### WHAT TO WORK ON
Write out the whole listing exactly; no images belong in it.

### RECORDED DATA
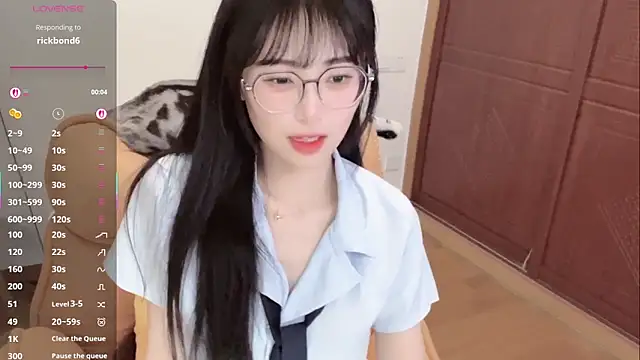 4uoki online show from 02-15-26, 03:42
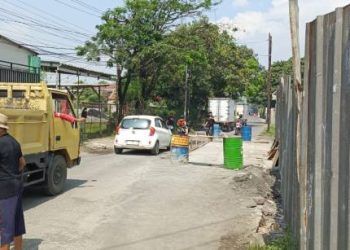 Lama Menunggu Bantuan Pemerintah, Kades Nanjung Inisiatif Perbaiki Jalan Kabupaten Ambrol dari Swadaya Masyarakat dan Pengusaha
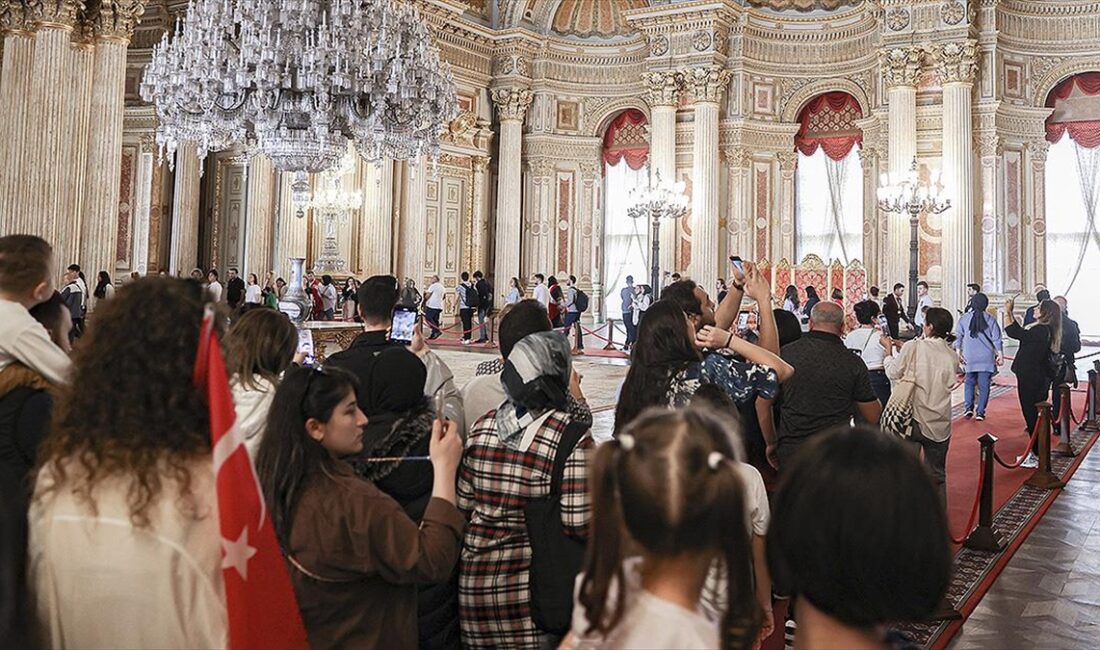 Dolmabahçe Sarayı'na Cumhuriyet'in 100. yıl dönümünde ziyaretçi akını Türkiye Cumhuriyeti'nin Kurucusu Gazi Mustafa Kemal Atatürk'ün dünyaya gözlerini yumduğu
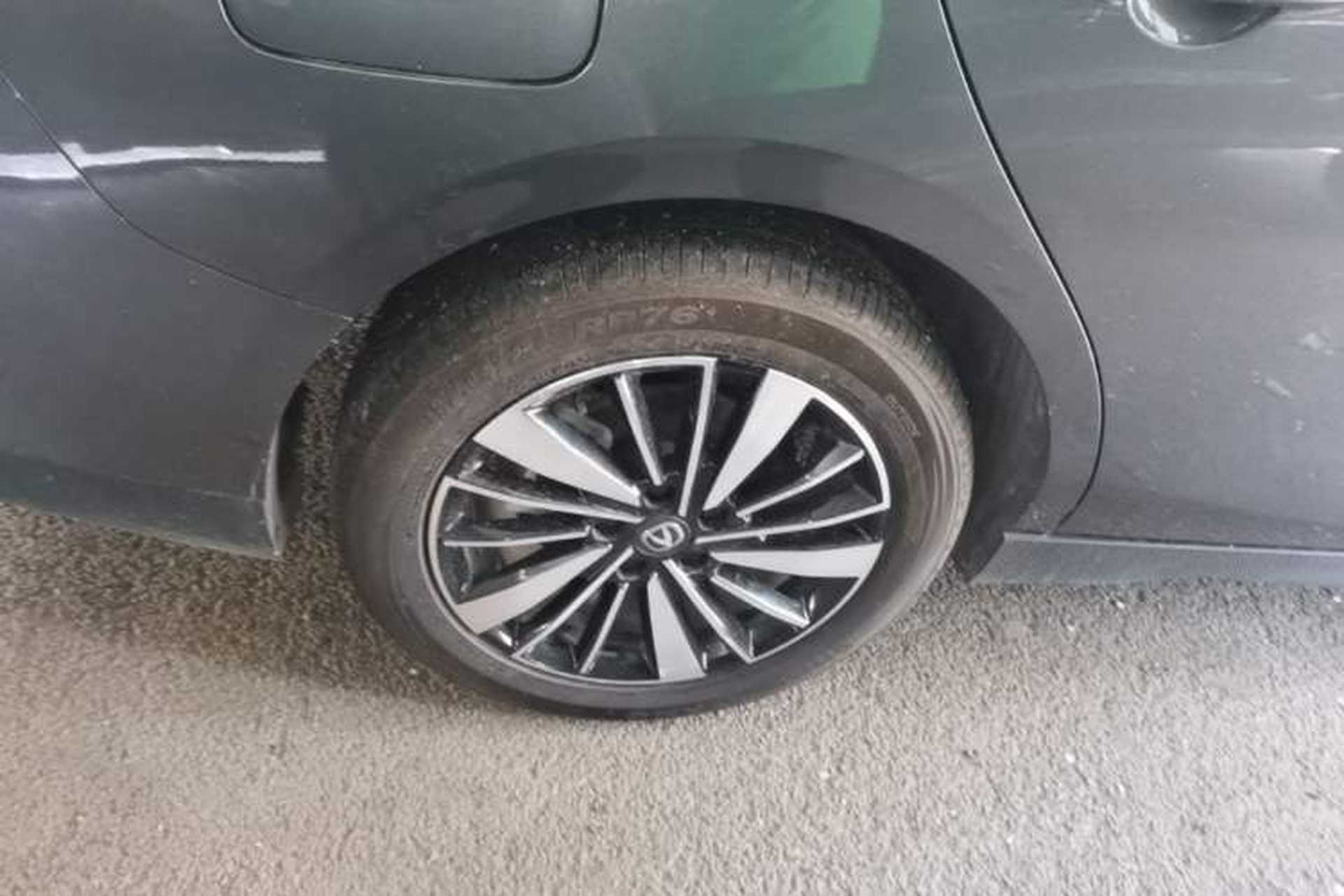 Used CHANGAN Eado PHEV 2025 Smart New Blue Whale 145KM Battleship Edition Right Rear Wheel Hub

### EXERCISE RESPONSE
 4uoki online show from 02-15-26, 03:42
 Lama Menunggu Bantuan Pemerintah, Kades Nanjung Inisiatif Perbaiki Jalan Kabupaten Ambrol dari Swadaya Masyarakat dan Pengusaha
 Dolmabahçe Sarayı'na Cumhuriyet'in 100. yıl dönümünde ziyaretçi akını Türkiye Cumhuriyeti'nin Kurucusu Gazi Mustafa Kemal Atatürk'ün dünyaya gözlerini yumduğu
 Used CHANGAN Eado PHEV 2025 Smart New Blue Whale 145KM Battleship Edition Right Rear Wheel Hub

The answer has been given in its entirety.